> [Work instruction] Which lines of the data below include the string "Custom"? Return each of them.

─── Data for this exercise

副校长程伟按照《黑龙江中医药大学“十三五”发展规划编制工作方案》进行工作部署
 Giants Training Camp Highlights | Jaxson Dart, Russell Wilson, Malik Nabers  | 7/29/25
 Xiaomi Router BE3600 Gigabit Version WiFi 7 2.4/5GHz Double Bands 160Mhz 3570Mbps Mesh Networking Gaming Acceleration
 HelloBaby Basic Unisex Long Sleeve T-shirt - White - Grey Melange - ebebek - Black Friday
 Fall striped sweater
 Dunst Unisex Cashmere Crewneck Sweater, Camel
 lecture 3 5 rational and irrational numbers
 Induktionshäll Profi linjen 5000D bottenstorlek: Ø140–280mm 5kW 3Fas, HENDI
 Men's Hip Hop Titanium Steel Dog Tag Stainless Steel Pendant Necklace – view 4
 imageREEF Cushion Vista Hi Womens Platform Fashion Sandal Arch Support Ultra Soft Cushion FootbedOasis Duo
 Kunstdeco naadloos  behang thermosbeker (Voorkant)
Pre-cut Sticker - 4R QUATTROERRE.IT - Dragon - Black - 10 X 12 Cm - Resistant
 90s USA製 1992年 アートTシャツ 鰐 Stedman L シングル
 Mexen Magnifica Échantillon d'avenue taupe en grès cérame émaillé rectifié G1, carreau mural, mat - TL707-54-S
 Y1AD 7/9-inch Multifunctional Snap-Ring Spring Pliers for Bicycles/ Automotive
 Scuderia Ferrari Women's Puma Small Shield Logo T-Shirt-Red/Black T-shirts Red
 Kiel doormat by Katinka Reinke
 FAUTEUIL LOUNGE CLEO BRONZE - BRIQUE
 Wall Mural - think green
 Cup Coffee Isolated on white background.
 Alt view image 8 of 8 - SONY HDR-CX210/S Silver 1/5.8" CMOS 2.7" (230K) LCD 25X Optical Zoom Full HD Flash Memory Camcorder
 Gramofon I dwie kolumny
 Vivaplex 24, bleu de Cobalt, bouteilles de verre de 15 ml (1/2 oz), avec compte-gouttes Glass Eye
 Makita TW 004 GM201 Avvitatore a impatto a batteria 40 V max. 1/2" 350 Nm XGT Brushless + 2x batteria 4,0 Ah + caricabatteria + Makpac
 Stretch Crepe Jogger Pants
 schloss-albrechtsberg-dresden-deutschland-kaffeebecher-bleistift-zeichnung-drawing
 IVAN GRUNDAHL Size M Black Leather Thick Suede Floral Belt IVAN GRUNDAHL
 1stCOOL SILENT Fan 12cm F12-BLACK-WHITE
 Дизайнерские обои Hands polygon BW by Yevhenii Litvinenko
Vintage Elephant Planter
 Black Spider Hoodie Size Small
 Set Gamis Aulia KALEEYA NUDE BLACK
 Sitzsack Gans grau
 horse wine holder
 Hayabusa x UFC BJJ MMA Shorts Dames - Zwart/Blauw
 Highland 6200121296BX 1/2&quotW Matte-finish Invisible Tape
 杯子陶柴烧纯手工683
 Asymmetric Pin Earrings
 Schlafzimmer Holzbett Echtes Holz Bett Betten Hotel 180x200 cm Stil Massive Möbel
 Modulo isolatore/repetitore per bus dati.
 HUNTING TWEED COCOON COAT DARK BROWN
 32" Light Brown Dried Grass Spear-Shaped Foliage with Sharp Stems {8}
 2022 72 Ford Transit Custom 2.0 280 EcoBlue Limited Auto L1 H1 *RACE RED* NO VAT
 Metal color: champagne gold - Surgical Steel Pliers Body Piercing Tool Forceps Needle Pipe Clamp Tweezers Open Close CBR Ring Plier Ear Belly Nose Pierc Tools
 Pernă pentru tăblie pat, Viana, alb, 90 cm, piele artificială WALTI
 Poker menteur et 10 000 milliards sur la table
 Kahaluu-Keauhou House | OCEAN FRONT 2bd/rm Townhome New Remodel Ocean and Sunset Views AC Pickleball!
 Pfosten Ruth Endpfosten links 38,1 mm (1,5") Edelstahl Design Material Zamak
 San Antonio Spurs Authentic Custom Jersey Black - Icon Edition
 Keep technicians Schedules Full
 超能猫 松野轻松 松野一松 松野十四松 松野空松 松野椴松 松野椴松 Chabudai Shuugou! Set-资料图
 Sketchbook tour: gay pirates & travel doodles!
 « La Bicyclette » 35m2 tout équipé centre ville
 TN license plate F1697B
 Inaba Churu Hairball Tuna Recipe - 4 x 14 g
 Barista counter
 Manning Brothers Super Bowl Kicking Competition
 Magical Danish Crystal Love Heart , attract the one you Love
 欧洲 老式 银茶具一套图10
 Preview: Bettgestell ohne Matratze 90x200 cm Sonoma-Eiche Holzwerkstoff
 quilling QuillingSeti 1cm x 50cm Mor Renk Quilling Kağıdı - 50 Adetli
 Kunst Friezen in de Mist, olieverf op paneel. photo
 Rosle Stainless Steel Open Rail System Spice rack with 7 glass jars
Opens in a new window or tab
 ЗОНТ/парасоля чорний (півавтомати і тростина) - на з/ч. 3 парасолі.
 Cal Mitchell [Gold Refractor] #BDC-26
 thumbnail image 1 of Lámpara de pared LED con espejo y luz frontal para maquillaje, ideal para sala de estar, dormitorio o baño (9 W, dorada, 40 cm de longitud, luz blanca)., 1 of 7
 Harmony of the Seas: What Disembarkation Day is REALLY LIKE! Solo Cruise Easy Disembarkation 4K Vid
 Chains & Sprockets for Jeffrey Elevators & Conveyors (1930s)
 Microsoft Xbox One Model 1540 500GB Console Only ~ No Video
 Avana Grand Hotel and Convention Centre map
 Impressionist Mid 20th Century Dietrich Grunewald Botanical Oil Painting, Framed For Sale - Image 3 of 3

──────

> [Written solution]
 2022 72 Ford Transit Custom 2.0 280 EcoBlue Limited Auto L1 H1 *RACE RED* NO VAT
 San Antonio Spurs Authentic Custom Jersey Black - Icon Edition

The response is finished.